(Problem to work on)
Please write out only the lines from the line with "a hotel room" to the line with "CARTIER, Must de", inclusive, exactly as they stand below, without the pictures.

Start of Input data

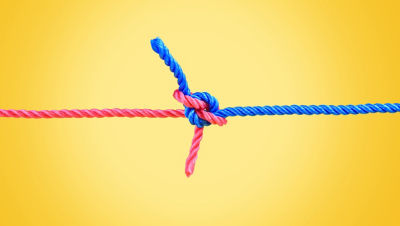 Pink and blue rope tied in a knot during tug-o-war.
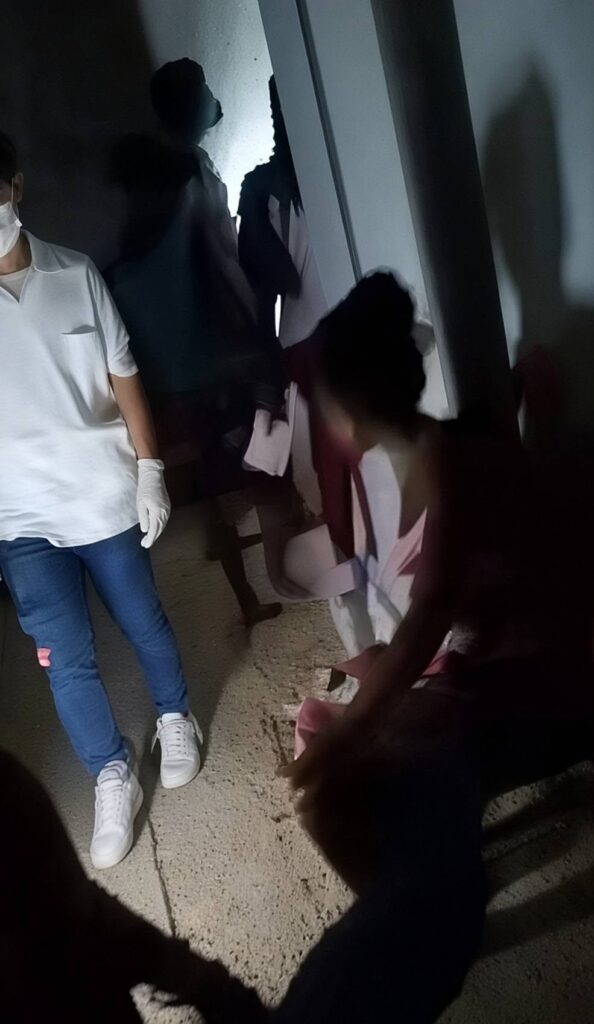 Persona con guantes y mascarilla en un ambiente oscuro.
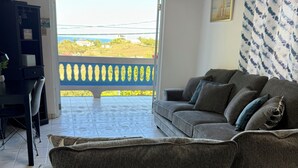 A living room with a grey sofa, a small table, and a chair. There is a door leading to a balcony with a view of the countryside. - Ocean View Home with private pool and parking. Sleeps 13 (Rincon)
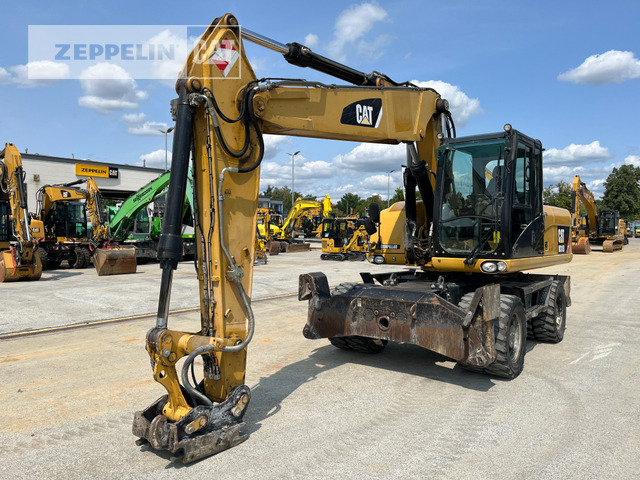 Cat M318D - حفارة دولاب: صورة 1 Cat M318D - حفارة دولاب: صورة 1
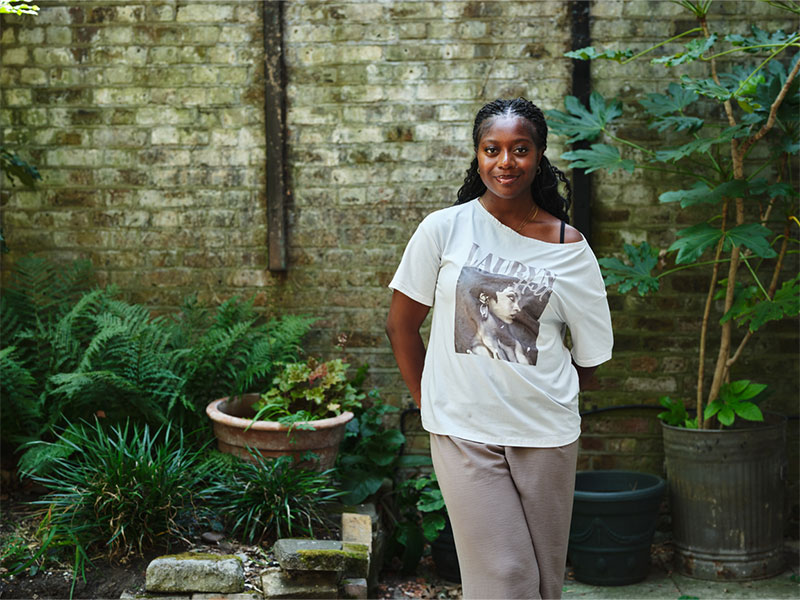 Headshot of Edwina standing outside with brick wall and plants in background
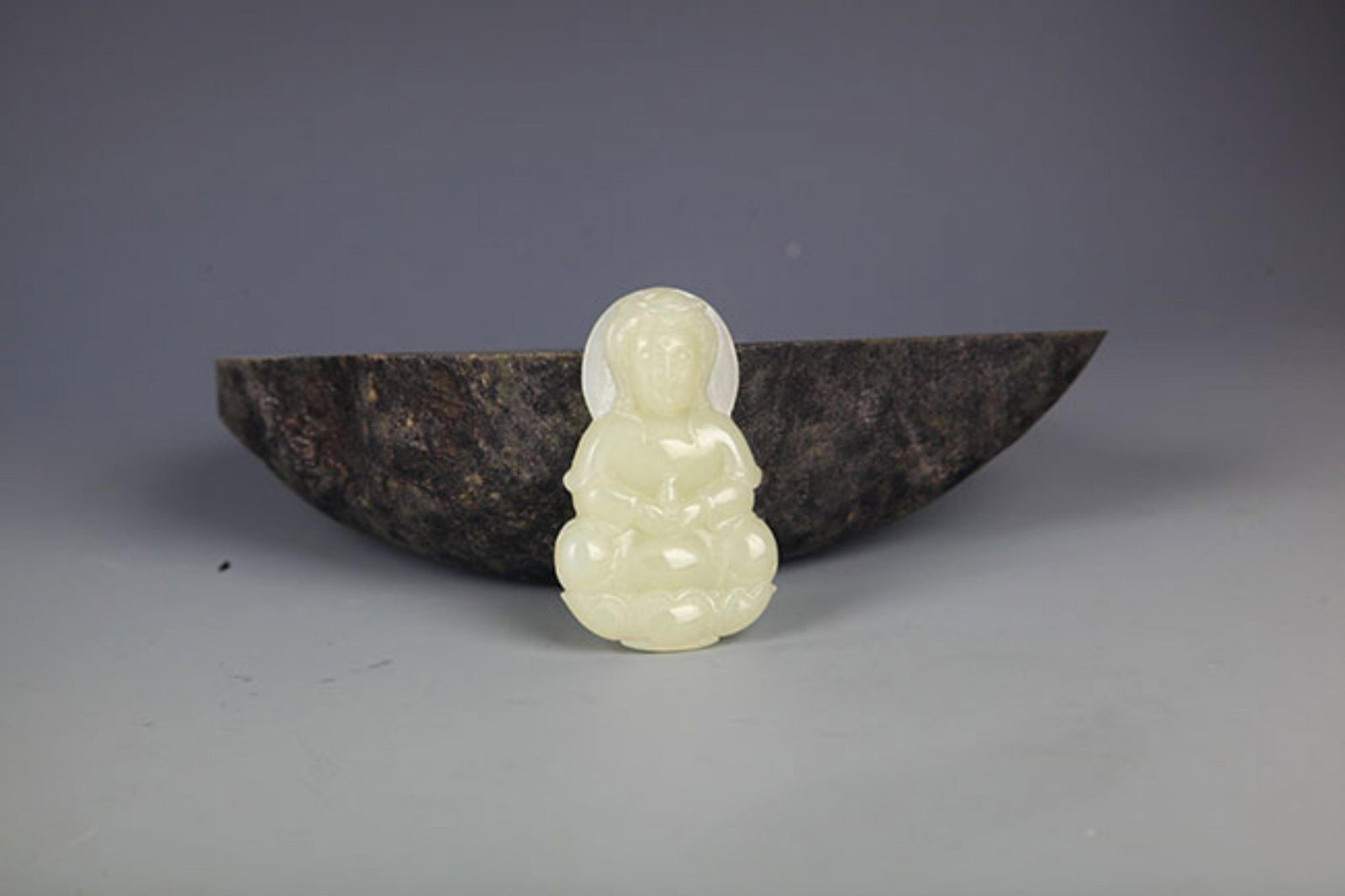 A FINELY CARVED HETIAN JADE IN FIGURE OF GUANYIN: Modern; High: 2.25 inch Width: 1.25 inch . Wooden base for display only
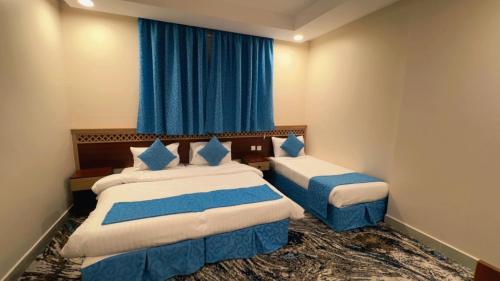a hotel room with two beds and blue curtains at فندق الروضة المتحدة Hotel AL Rawdah United in Al Khansāk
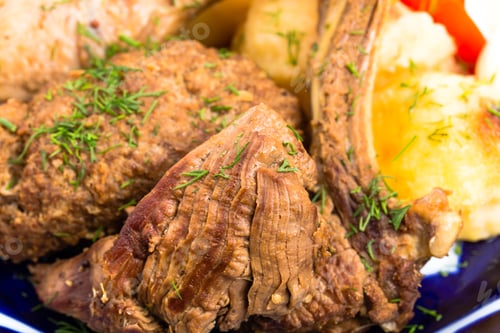 Preview: Delicious baked meat mix with garnish.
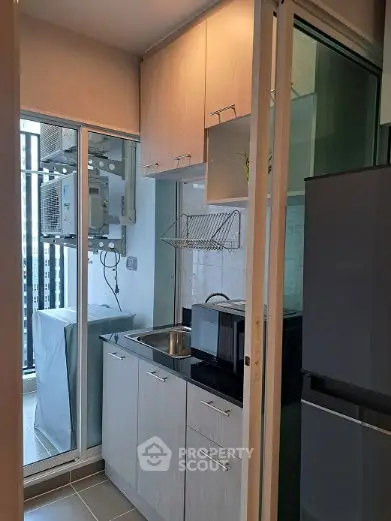 Compact kitchen with modern appliances and balcony view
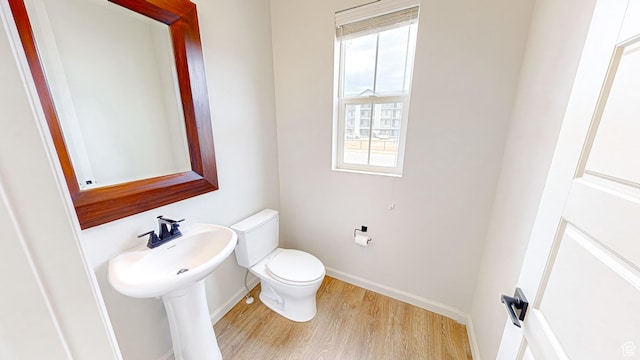 bathroom featuring hardwood / wood-style floors and toilet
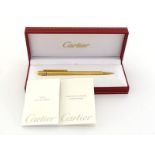 CARTIER, Must de Cartier, a gold plated pencil, with its box, retains lead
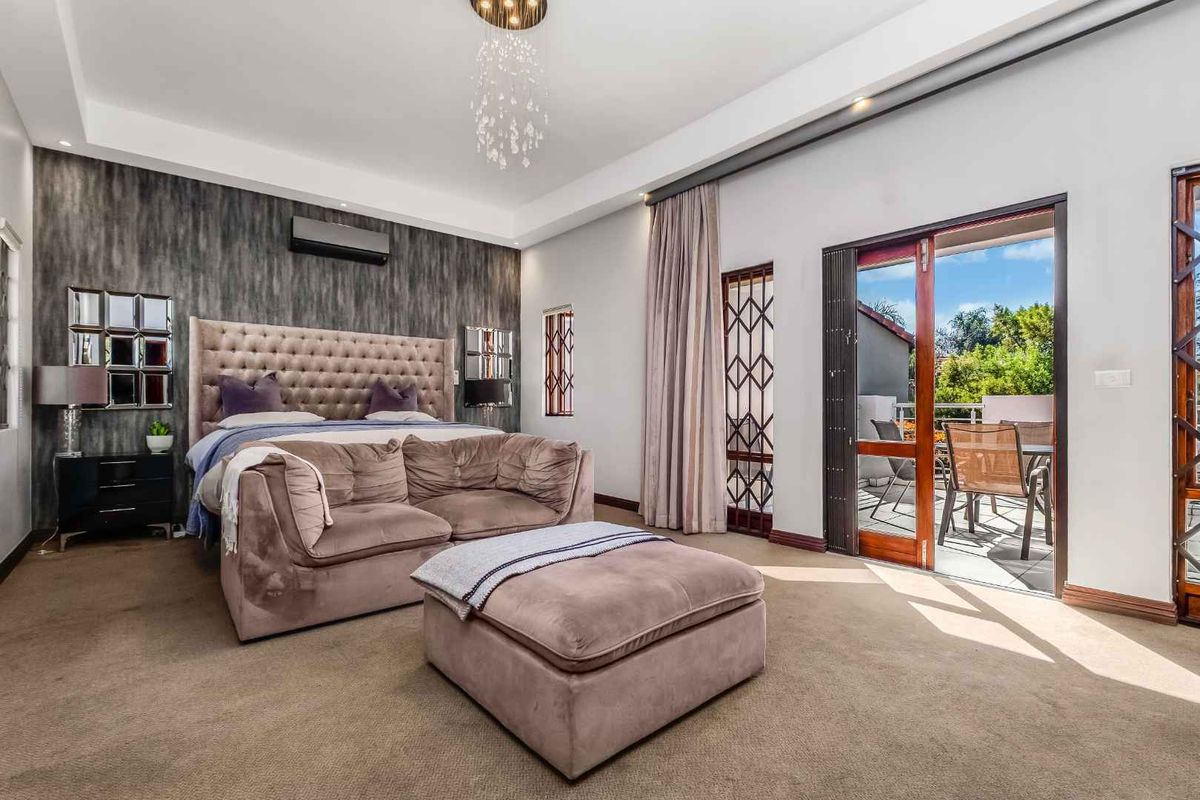 Spacious bedroom featuring a recessed ceiling, split-system air conditioning, and direct access to a private balcony through sliding glass doors.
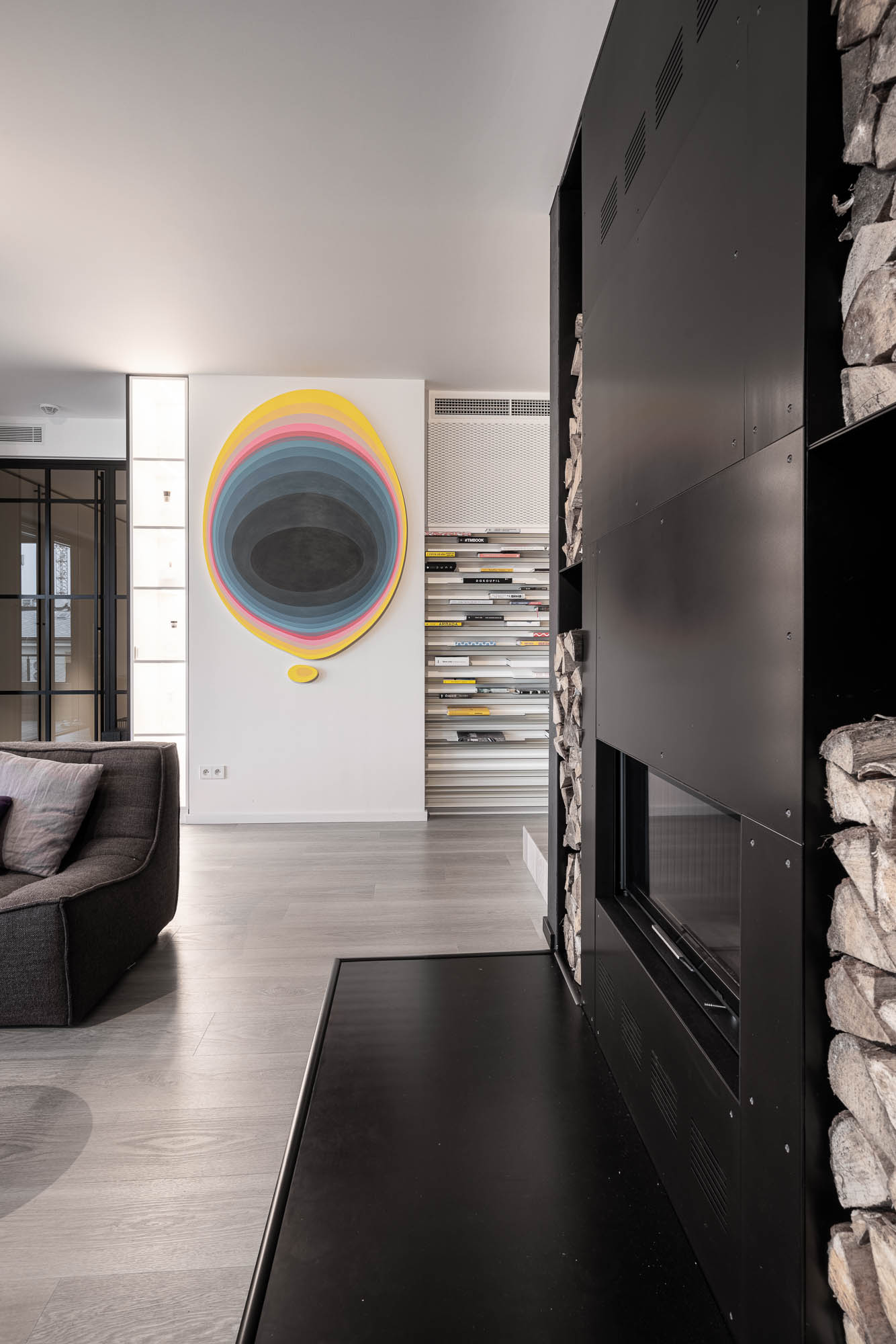 Obytný prostor mezonetového bytu s výrazným žlutým schodištěm a černým krbem, Black steel fireplace log niche magazine display shelf colourful oval painting minimalist interior OOOOX Praha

End of Input data

(Task solution)
a hotel room with two beds and blue curtains at فندق الروضة المتحدة Hotel AL Rawdah United in Al Khansāk
 Preview: Delicious baked meat mix with garnish.
 Compact kitchen with modern appliances and balcony view
 bathroom featuring hardwood / wood-style floors and toilet
 CARTIER, Must de Cartier, a gold plated pencil, with its box, retains lead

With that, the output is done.